View Issue Details

IDProjectCategoryView StatusLast Update
0000090Cinelerra-GG[All Projects] Featurepublic2019-08-07 22:28
ReporterMatNAssigned Togoodguy 
PrioritynormalSeverityfeatureReproducibilityalways
Status closedResolutionfixed 
Platformx86_64OSLinuxMintOS Version18.3
Product Version2018-11 
Target VersionFixed in Version 
Summary0000090: Allow optional hardware-supported encoding during rendering
DescriptionDepending on the system, there might be hardware rendering (GPU) available. If available, the available options are listed using the "vainfo" command in a terminal window. On Mint at least, you have to install vainfo first. I don't know how much effort is is to retrieve that info using native Cinelerra code.

If hardware acceleration is available for a chosen format (say h.264 or h.265), could it be made available in the "compression" dropdown list in the video settings of the rendering window? Maybe the quality is less than pure software rendering, but if the hardware causes an considerable speedup then certainly for non-professional use this would be a nice option to have.
TagsNo tags attached.

Activities

PhyllisSmith

PhyllisSmith

2019-08-07 22:28

manager   ~0002004

Closing -- good discussions here though! but you can now do "low optional hardware-supported encoding during rendering" as described in the notes and pdf file.
Andrew-R

Andrew-R

2019-06-26 14:56

reporter   ~0001793

well, all those components (kernel part, 2d/video part for X, OpenGl, OpenCL, cuda, Vulkan, nvenc/dec) quite closely related. I don't think kernel developers are very happy about 10Mb 'black box' module, doing all those DMA and memory operations in kernel address space, at least if you want to send kernel bugreport.

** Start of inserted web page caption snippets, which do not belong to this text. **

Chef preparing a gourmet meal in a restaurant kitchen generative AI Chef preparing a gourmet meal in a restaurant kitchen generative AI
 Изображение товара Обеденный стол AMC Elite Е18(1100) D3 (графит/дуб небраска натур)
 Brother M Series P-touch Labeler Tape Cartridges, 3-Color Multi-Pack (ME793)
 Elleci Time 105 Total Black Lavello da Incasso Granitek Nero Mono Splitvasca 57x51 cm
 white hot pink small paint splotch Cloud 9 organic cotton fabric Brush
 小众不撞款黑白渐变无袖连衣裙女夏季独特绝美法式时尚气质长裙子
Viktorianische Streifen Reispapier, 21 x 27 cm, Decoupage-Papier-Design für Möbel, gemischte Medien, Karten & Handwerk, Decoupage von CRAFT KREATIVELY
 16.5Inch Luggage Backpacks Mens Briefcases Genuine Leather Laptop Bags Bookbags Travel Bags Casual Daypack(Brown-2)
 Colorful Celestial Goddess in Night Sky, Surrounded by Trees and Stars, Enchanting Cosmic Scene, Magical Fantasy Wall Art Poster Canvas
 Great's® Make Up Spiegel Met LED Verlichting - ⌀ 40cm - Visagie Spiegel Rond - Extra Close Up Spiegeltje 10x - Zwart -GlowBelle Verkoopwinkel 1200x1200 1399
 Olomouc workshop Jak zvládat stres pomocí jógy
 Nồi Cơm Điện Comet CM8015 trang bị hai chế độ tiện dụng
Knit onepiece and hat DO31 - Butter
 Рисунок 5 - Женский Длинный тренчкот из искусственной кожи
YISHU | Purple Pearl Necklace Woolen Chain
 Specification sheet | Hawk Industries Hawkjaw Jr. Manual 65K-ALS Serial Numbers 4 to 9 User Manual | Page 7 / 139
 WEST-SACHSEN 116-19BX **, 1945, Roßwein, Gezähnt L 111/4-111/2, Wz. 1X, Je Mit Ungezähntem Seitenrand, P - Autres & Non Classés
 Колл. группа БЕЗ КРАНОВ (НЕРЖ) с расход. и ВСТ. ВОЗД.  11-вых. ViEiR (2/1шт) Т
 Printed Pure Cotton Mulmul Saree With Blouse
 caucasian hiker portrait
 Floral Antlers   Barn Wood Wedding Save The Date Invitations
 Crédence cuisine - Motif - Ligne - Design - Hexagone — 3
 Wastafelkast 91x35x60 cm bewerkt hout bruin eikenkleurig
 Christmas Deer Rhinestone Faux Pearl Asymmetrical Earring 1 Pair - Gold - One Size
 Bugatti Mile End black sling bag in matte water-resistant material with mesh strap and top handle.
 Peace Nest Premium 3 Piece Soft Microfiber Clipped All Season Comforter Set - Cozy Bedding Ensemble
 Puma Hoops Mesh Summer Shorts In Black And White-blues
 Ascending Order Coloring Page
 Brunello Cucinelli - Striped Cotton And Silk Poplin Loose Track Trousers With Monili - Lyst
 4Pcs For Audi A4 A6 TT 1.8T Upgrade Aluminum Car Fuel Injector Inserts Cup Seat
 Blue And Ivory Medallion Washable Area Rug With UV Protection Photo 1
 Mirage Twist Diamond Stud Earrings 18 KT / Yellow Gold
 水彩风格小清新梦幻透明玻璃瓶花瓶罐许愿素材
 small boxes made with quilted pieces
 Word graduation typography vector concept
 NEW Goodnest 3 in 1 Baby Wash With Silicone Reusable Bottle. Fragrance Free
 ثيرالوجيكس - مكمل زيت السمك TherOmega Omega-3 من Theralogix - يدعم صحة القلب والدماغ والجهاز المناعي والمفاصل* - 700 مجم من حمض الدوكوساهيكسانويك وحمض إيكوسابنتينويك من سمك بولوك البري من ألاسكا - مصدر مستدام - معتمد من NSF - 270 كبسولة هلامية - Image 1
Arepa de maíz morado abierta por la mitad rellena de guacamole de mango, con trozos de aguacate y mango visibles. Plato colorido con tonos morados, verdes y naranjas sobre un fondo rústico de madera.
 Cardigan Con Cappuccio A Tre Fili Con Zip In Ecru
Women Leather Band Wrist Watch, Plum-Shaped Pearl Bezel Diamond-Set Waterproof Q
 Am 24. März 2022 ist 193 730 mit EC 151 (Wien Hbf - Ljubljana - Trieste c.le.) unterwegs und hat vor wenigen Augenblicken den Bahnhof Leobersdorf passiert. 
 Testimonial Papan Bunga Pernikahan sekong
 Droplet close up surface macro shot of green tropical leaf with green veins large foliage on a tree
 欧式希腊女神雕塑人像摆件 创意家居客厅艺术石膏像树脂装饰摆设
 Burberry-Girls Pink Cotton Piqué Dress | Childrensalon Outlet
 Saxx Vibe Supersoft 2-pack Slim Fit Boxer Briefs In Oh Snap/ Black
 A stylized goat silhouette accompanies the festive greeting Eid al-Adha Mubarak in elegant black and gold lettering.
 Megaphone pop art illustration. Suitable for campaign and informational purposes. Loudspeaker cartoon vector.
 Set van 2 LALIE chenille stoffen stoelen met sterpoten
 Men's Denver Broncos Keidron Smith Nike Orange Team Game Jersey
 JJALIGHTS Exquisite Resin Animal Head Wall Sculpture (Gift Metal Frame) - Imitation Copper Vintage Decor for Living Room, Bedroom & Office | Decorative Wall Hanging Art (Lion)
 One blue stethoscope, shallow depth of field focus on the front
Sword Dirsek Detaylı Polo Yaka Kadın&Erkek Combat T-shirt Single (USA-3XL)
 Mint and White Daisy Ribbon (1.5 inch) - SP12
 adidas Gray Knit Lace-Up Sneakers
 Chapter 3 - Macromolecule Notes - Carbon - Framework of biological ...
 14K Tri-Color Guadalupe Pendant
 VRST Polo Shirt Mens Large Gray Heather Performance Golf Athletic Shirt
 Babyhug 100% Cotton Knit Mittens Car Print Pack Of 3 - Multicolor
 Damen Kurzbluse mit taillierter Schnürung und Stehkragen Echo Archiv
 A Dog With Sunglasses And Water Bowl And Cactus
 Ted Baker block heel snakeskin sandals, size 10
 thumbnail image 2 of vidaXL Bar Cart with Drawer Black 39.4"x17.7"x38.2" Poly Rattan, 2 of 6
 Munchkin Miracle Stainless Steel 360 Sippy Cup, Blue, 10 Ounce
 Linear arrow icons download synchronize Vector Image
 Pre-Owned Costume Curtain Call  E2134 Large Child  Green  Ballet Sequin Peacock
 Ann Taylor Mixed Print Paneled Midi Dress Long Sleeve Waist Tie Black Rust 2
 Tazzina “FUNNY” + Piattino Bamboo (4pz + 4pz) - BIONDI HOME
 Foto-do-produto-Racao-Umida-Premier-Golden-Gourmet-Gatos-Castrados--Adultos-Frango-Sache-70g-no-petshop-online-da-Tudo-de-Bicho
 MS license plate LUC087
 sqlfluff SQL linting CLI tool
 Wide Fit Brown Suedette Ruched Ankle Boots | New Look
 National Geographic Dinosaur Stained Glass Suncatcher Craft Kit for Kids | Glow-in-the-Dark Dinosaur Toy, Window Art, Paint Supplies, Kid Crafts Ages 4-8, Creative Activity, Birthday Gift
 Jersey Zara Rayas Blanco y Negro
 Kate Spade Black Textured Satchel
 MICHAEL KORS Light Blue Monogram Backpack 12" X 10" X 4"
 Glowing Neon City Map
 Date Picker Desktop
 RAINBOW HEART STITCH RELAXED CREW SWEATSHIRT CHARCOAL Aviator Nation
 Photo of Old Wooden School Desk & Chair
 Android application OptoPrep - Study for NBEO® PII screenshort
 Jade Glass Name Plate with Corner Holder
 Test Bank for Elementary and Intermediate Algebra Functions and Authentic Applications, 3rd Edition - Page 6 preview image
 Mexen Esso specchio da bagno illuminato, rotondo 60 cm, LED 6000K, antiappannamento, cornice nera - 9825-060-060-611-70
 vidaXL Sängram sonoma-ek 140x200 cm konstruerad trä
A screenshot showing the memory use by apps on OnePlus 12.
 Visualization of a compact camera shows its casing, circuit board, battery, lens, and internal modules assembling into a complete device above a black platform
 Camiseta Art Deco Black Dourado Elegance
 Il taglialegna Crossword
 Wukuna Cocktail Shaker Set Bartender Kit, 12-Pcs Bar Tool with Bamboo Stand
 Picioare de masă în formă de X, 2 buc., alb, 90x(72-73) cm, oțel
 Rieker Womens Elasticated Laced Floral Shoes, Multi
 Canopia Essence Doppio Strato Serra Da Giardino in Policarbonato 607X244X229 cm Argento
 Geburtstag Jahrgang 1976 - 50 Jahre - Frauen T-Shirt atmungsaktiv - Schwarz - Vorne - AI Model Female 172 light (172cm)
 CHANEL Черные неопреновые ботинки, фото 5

With nouveau current load of some engines implemented as Gallium HUD (and some OpenGL extension). For clocks you can try:
 cat /sys/kernel/debug/dri/0/pstate
0f: core 575 MHz shader 1438 MHz memory 850 MHz
AC: core 399 MHz shader 810 MHz memory 499 MHz
[as root, after mounting debugfs]

Earlier NV (up to GeForce 750) cards can be reclocked manually by echoing higher performance level to this file:
echo 0f > /sys/kernel/debug/dri/0/pstate
cat /sys/kernel/debug/dri/0/pstate
0f: core 575 MHz shader 1438 MHz memory 850 MHz AC DC *
AC: core 576 MHz shader 1458 MHz memory 499 MHz

you see, in my case (nv92) memory failed to reclock, known problem. And even this level of reclocking requre small kernel patch (not all nv92 GF 8800 crads actually have same type of memory, so some are reclockable and some are not). With new and higher-performant cards boot clocks acan be quite low, as low as 50Mhz (!) for some fermi card! No wonder anything OpenGL actually just a bit faster than llvmpipe...

There is list of nouveau tasks, but they require a lot of knowledge to even try:
 https://www.x.org/wiki/SummerOfCodeIdeas/ -> Nouveau (Open Source NVIDIA driver)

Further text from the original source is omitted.